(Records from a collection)
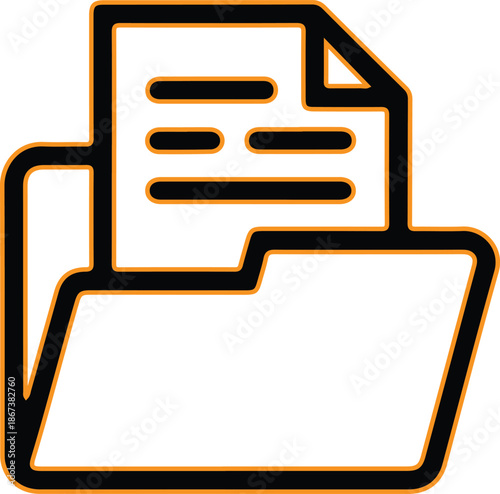 Folder document icon file storage organize vector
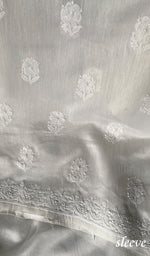 Load image into Gallery viewer, Women's Lakhnavi Handcrafted Chanderi Silk Chikankari Unstitched Kurti Fabric - HONC0191288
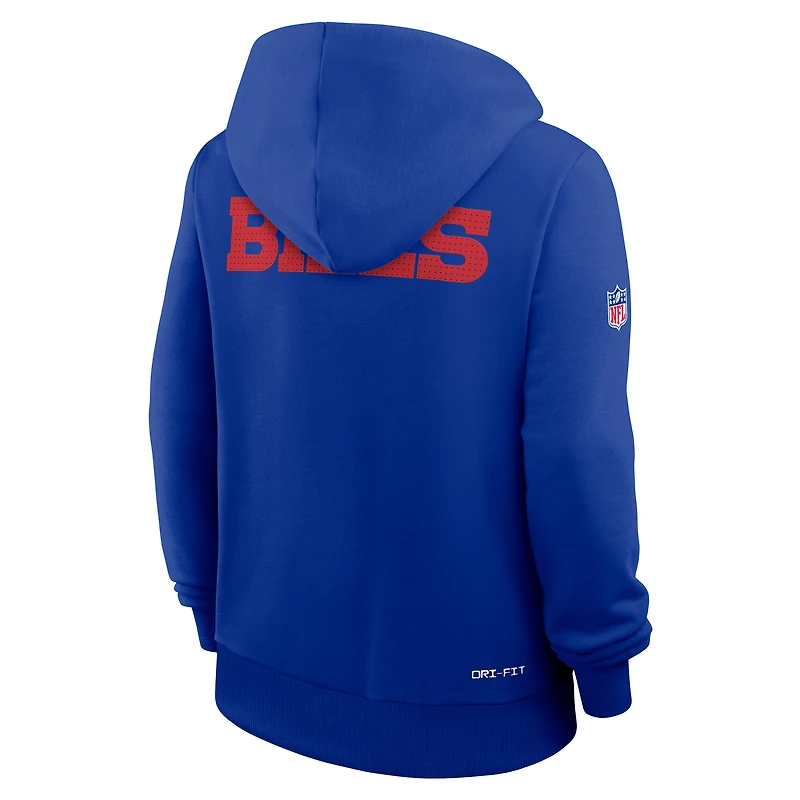 Women's Nike Royal Buffalo Bills 2025 Sideline Standard Issue Initial Home Dri-FIT Hoodie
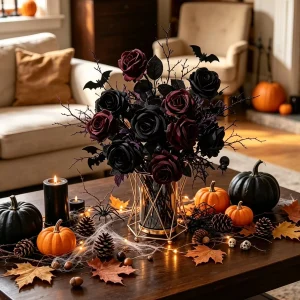 Autumn Artificial Silk Rose Flower Bouquet Halloween Party Wedding Outdoor Yard Home Table Vase Centerpiece DIY Decorative Gifts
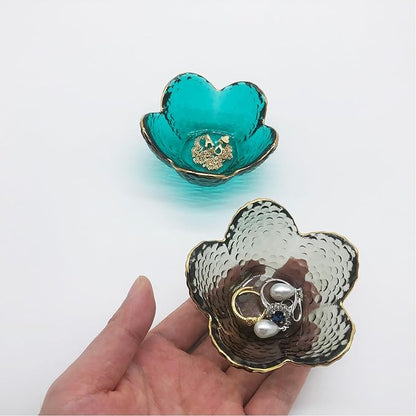 Flower Ring Dish Jewelry Tray, Glass Jewelry Dish Tray, Aesthetic Room Decor Small Trinket Dish, Nightstand Jewlery Ring Holder Dish, Bathroom Jewelry Plate Bowl for Rings Earrings Wife Gift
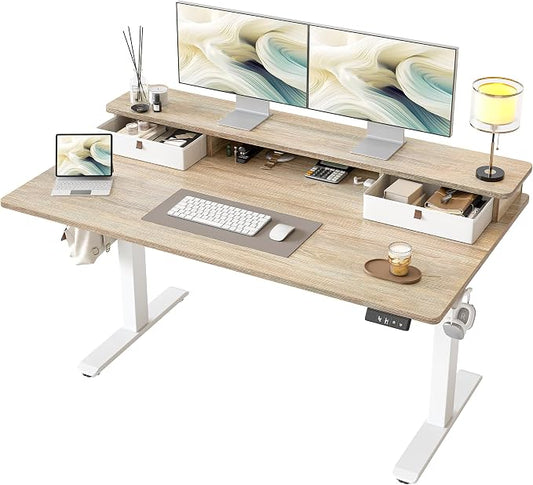 TIQLAB Standing Desk with Two Drawers, Stand Up Standing Desk Adjustable Height, Electric Sit Stand Table with Storage Shelf and Splice Board, 55 * 28 inch, Maple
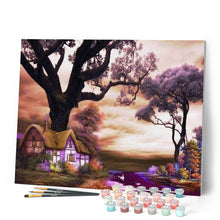 Laden Sie das Bild in den Galerie-Viewer, Malen nach Zahlen für Erwachsene | Violette Landschaft | Figured'Art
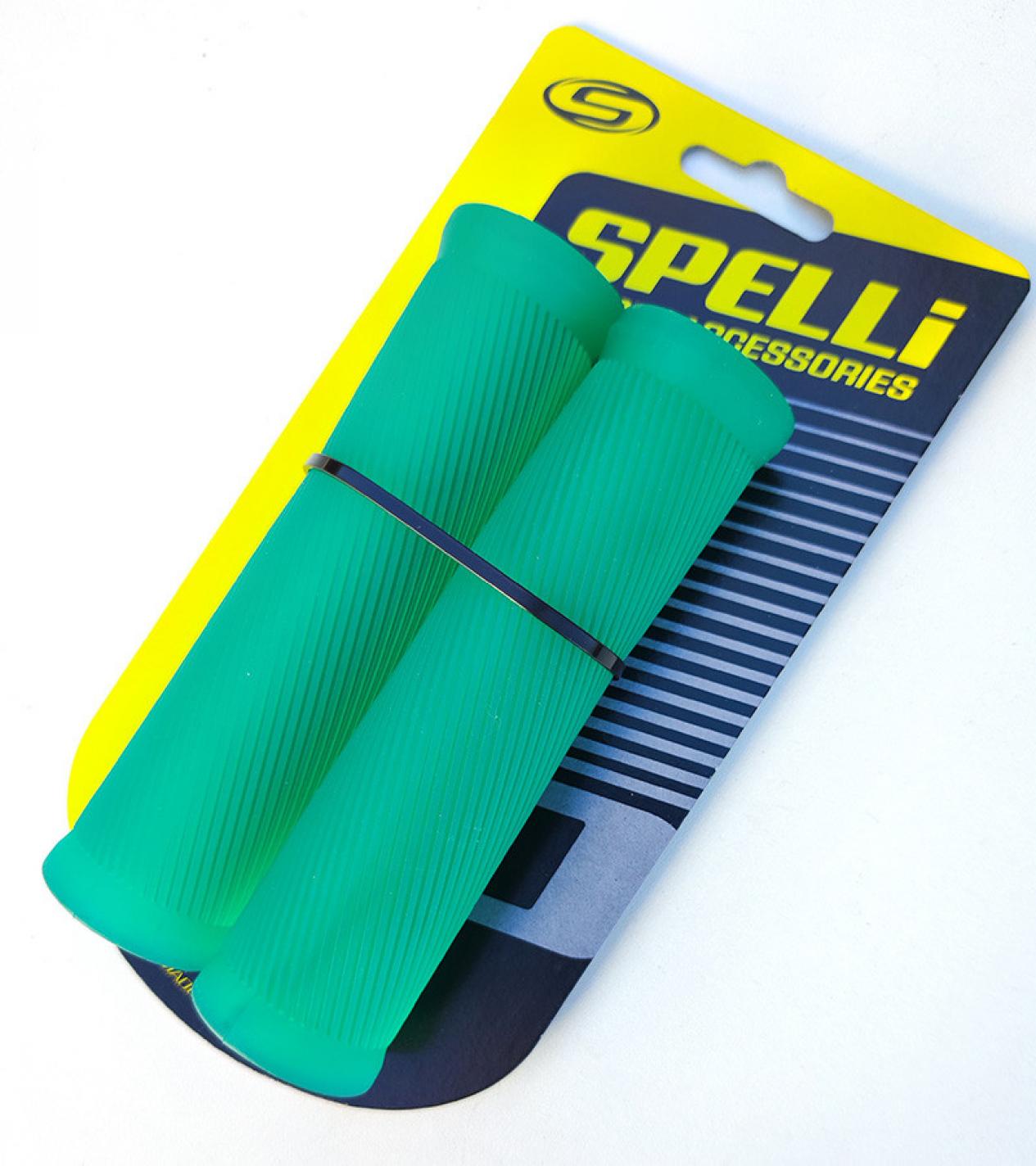 Грипсы (ручки руля) SPELLI SBG-6703 Зеленые, прямые, 2-х фактурные, резина-каучук, длина 125 мм BD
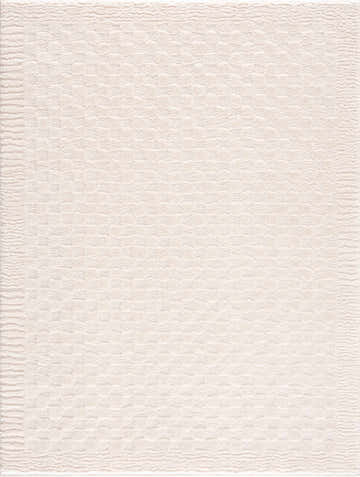 Close-up of the Leryn Ivory Checkered Area Rug, showing its geometric pattern and soft beige and ivory colors. Design-Rectangle-537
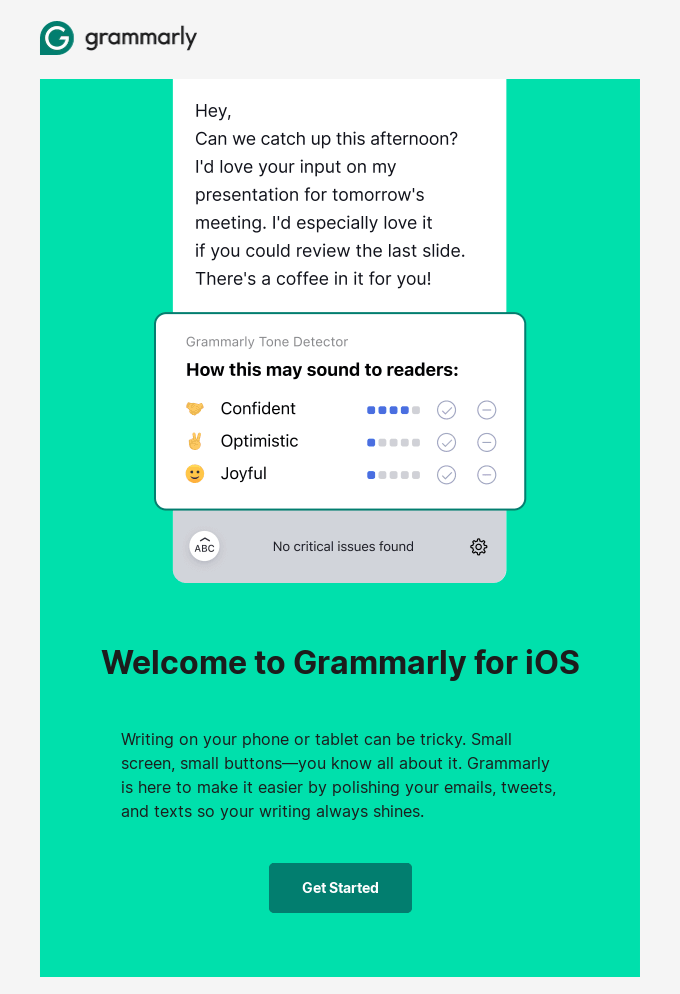 A screenshot of a grammarly onboarding email 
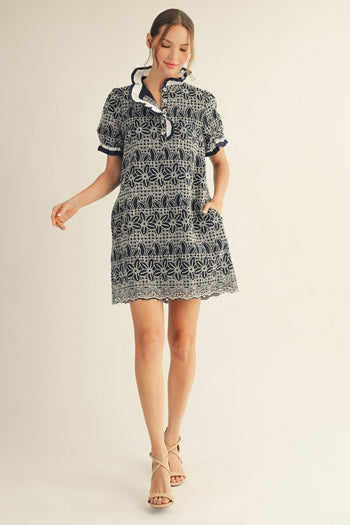 Jodifl Eyelet Lace Shift Dress in Navy S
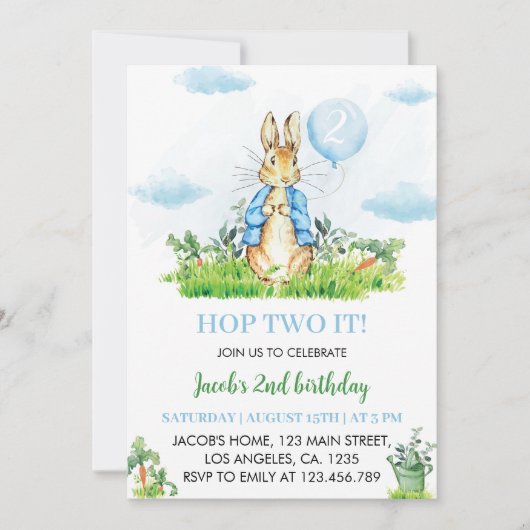 Peter Rabbit Boy Invitation d'anniversaire (Devant)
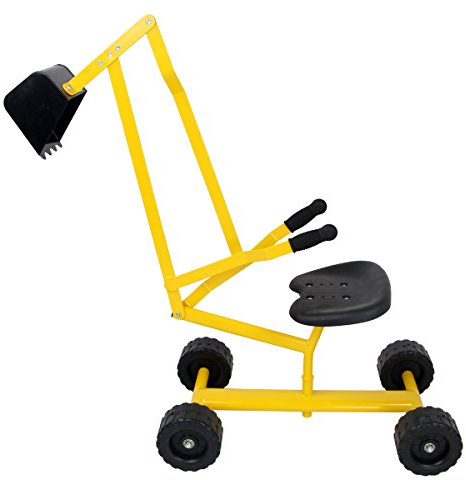 COSTWAY Pelle à Sable Excavateur Enfants avec Siège Rotatif 360 °, Pelleteuse Excavatrice Manuelle avec Cadre Métal, Jouet Extérieur pour Sable Terre Neige, Charge 50kg pour 3 Ans+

- **What you have to do**
Exactly as written above, retype the lines starting at the one holding "Load image into" and ending at the one holding "Women's Nike Royal", both included, but not the pictures.

- **Written answer**
 Load image into Gallery viewer, Women's Lakhnavi Handcrafted Chanderi Silk Chikankari Unstitched Kurti Fabric - HONC0191288
 Women's Nike Royal Buffalo Bills 2025 Sideline Standard Issue Initial Home Dri-FIT Hoodie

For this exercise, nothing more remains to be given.